MARILYN: I don't think people — I don't know if they're thinking about it.
JOHN: What changed, more in Massa-chusetts than here, if you go to a show now — uniformly in Massachusetts, there's an announcement before the show: where all your available exits are. And in fact, if there are multiple acts, they'll make the announcement between acts in case people only came for the second or third act on the bill. I'm not sure how consistently that's honored in the smaller venues in Rhode Island. Certainly at PPAC, Trinity — yes.
GINA: Very early on, I started going out after The Station, the local bands would say, "Before we start, pay attention to your exits." But that didn't last.
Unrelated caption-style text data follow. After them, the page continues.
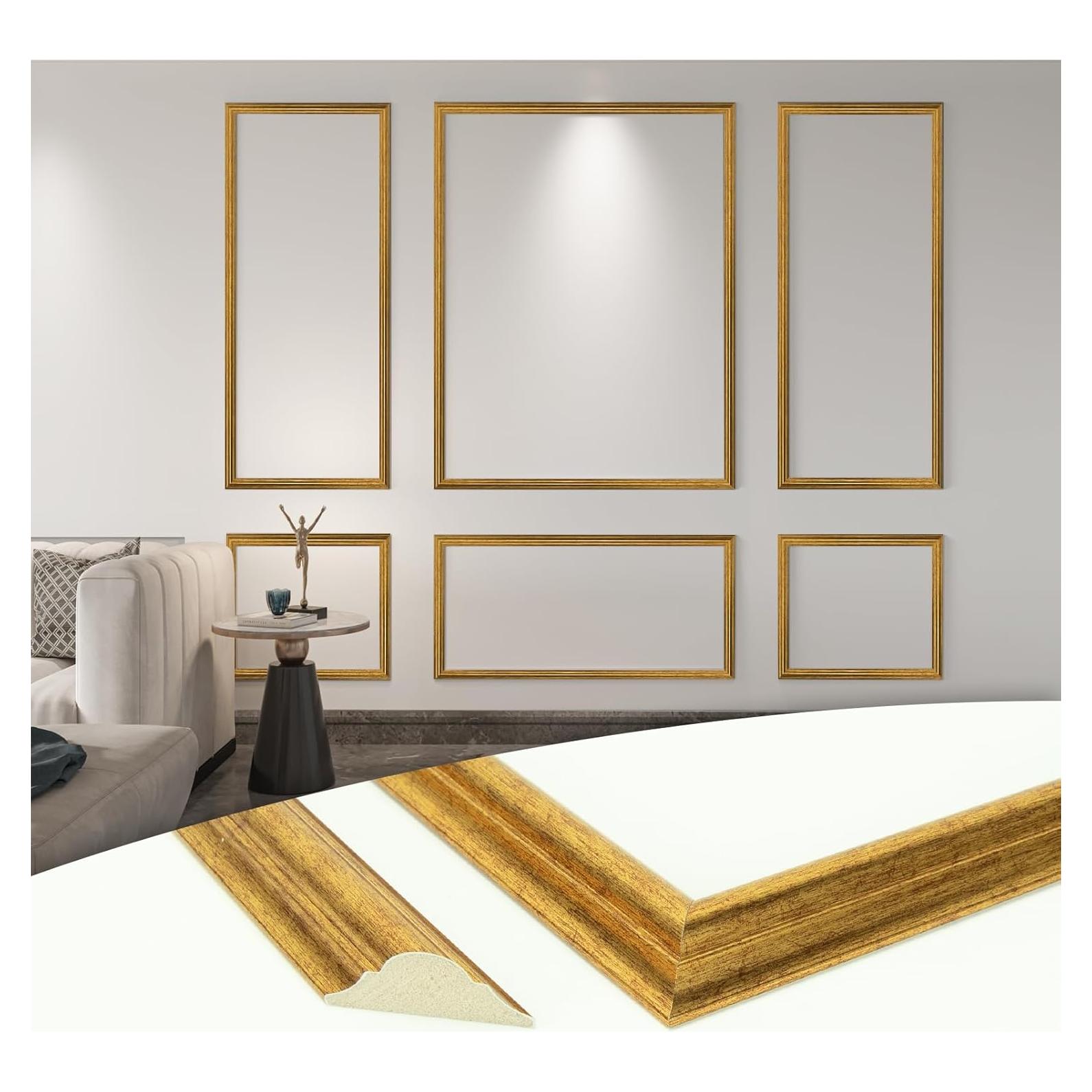 Juego de Molduras de Pared Art3d 6 Piezas Oro Antiguo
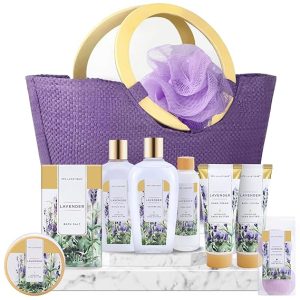 Spa Luxetique Gift Baskets for Women, Spa Gifts for Women-10pcs Lavender Gift Sets with Body Lotion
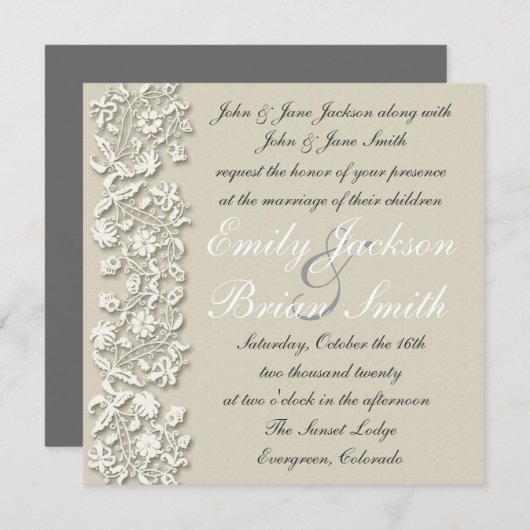 Elegante, graue Spitze formelle Hochzeitsfeier Einladung (Vorne/Hinten)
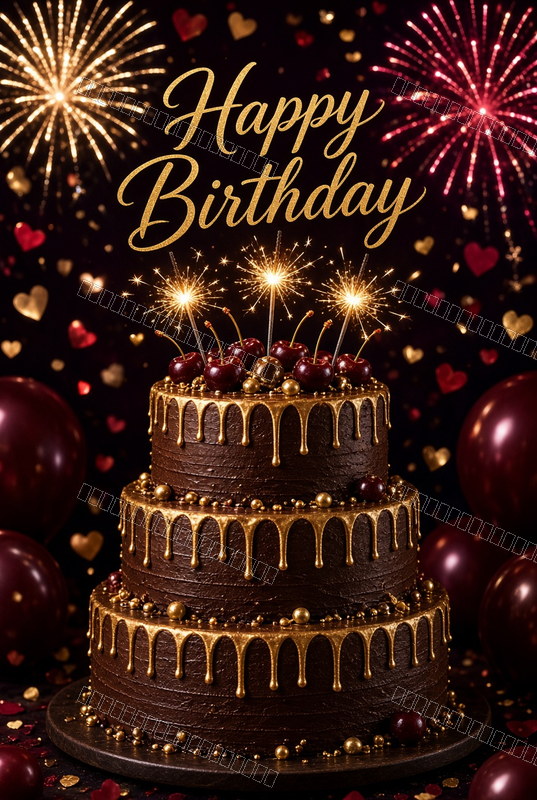Chocolate & Gold Birthday Glow — Birthday Dream — watermarked preview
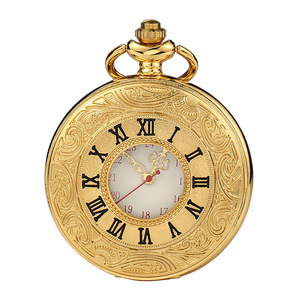Reloj de bolsillo de cuarzo con número romano Steampunk de <span class=keywords><strong>medio</strong></span> cazador de Metal dorado antiguo con cadena de collar - Product Image 3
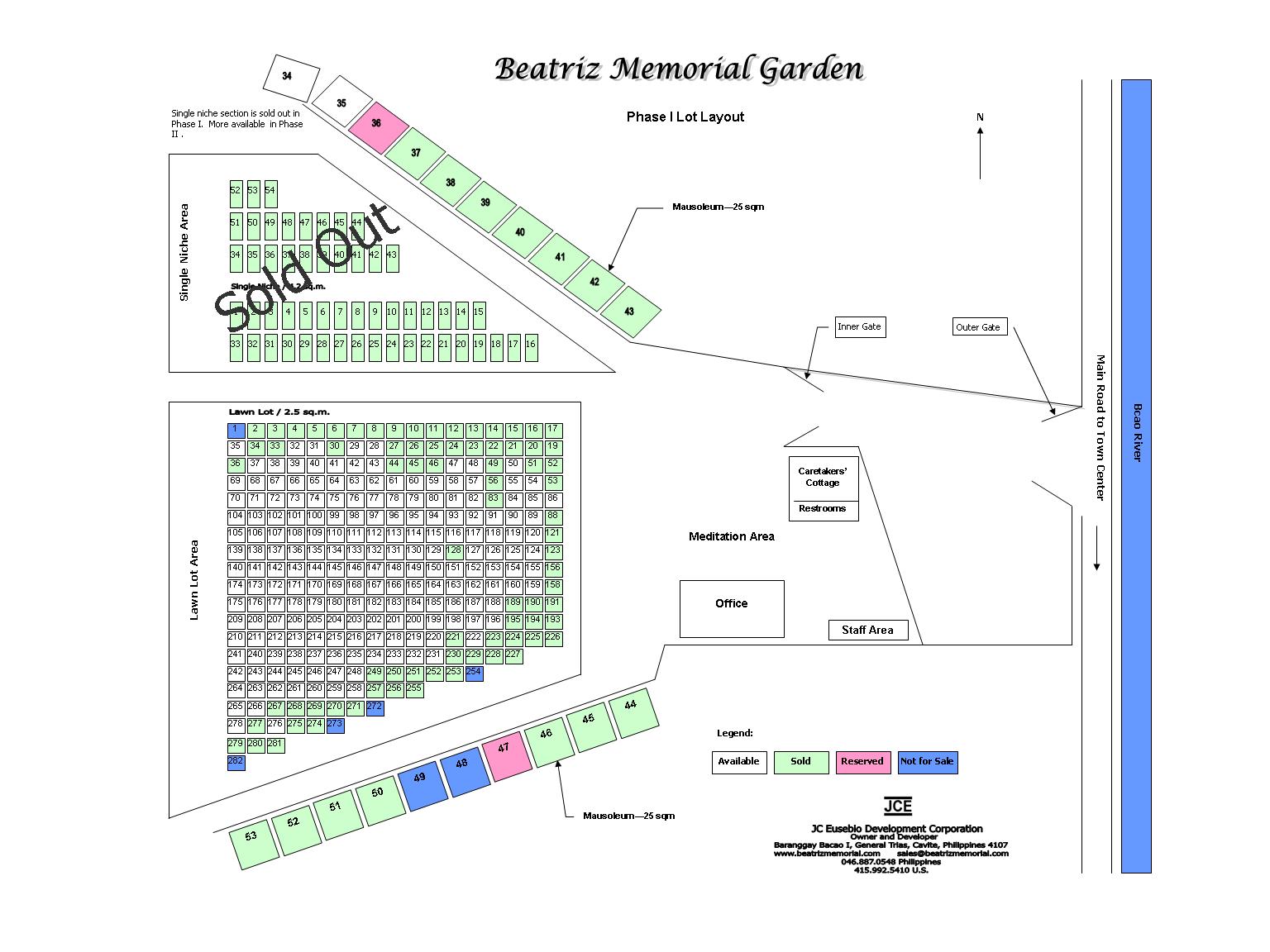 Park Layout of Beatriz Memorial Garden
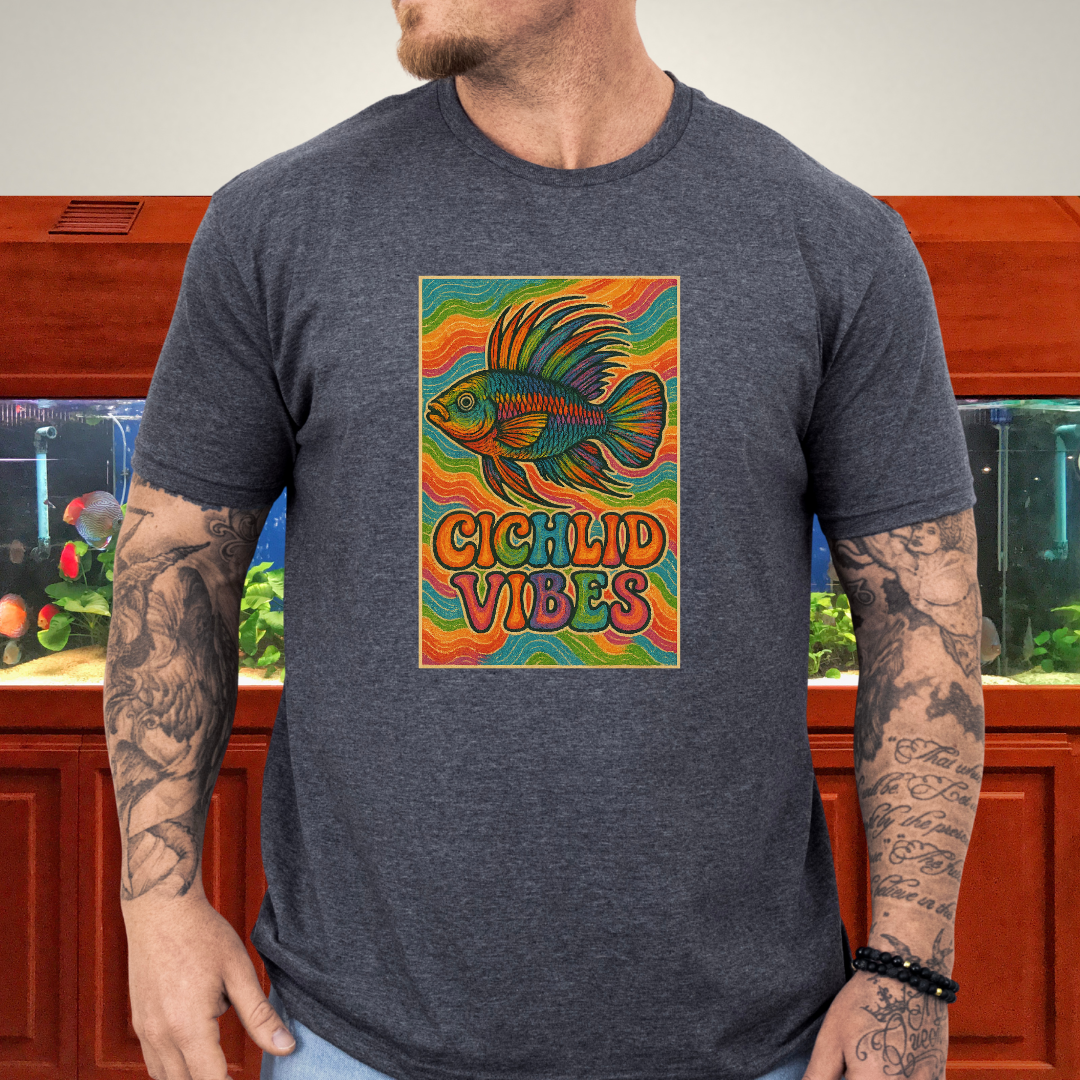 Cichlid Vibes Tee – Groovy Rainbow Apistogramma Design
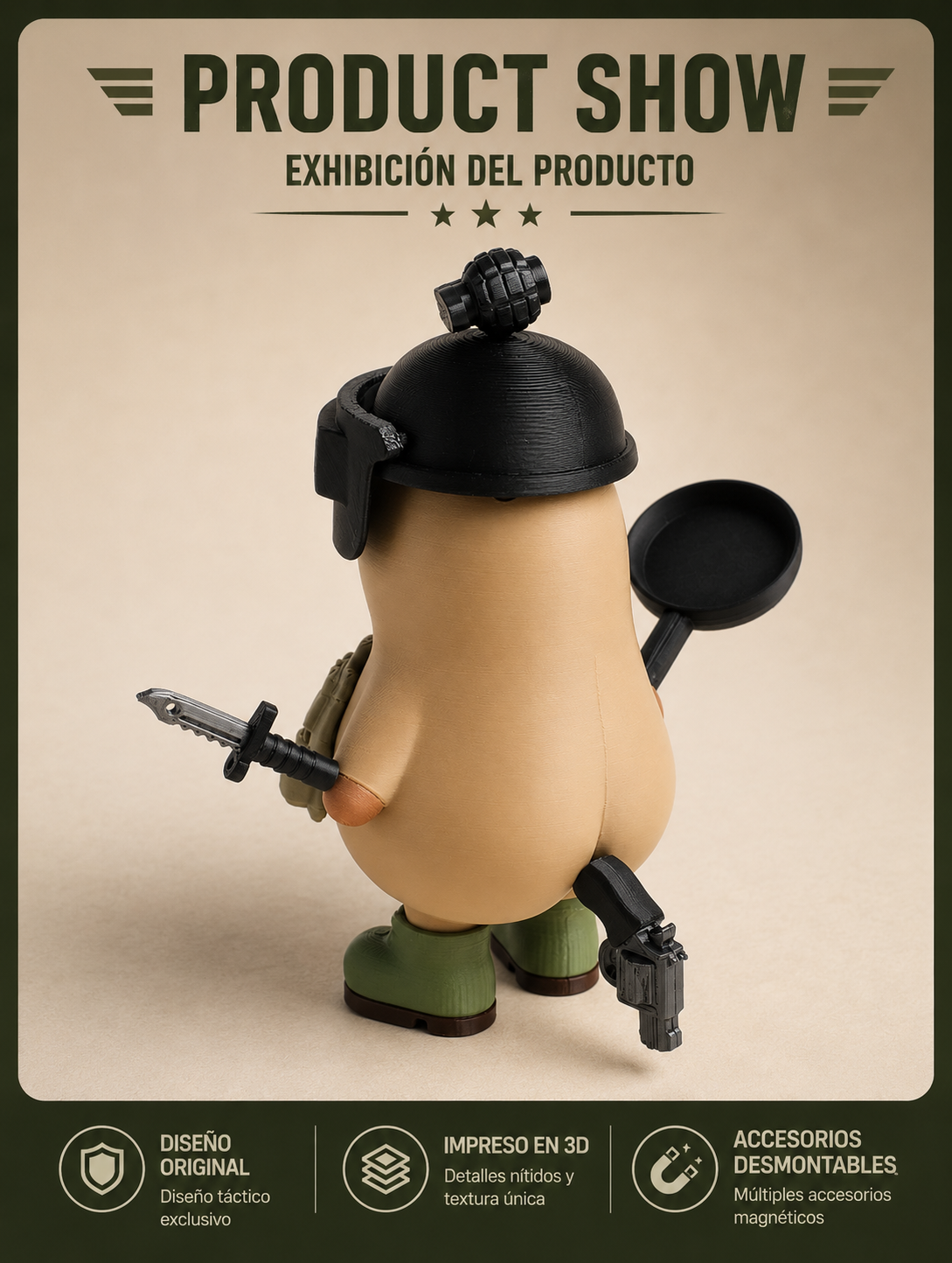 Capibara Fuerzas Especiales 3D Impresa – Figura Táctica Inspirada en Battle Royale con Accesorios Intercambiables | iBOOP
THE DERDERIAN BROTHERS, WHO OWNED THE CLUB, WOUND UP WITH PLEA BARGAINS IN CRIMINAL COURT. THE CIVIL CASES WERE SETTLED. THERE WERE NO TRIALS. WAS THERE A SATISFYING CONCLUSION TO THIS MATTER? COULD THERE EVEN BE SUCH A THING?
GINA: No. As a survivor, no. Absolutely not. Jeffrey [Derderian], in my estimation, walked. Served community service. My son has to do community service for his high school. A hundred people died on your watch. You were in the building when this fire happened.
Michael [Derderian], OK, you weren't in the building, but you were knowledgeable about things that were happening. They knew about the foam they put up in that building — they knew about it. They definitely weren't held accountable like they should have been.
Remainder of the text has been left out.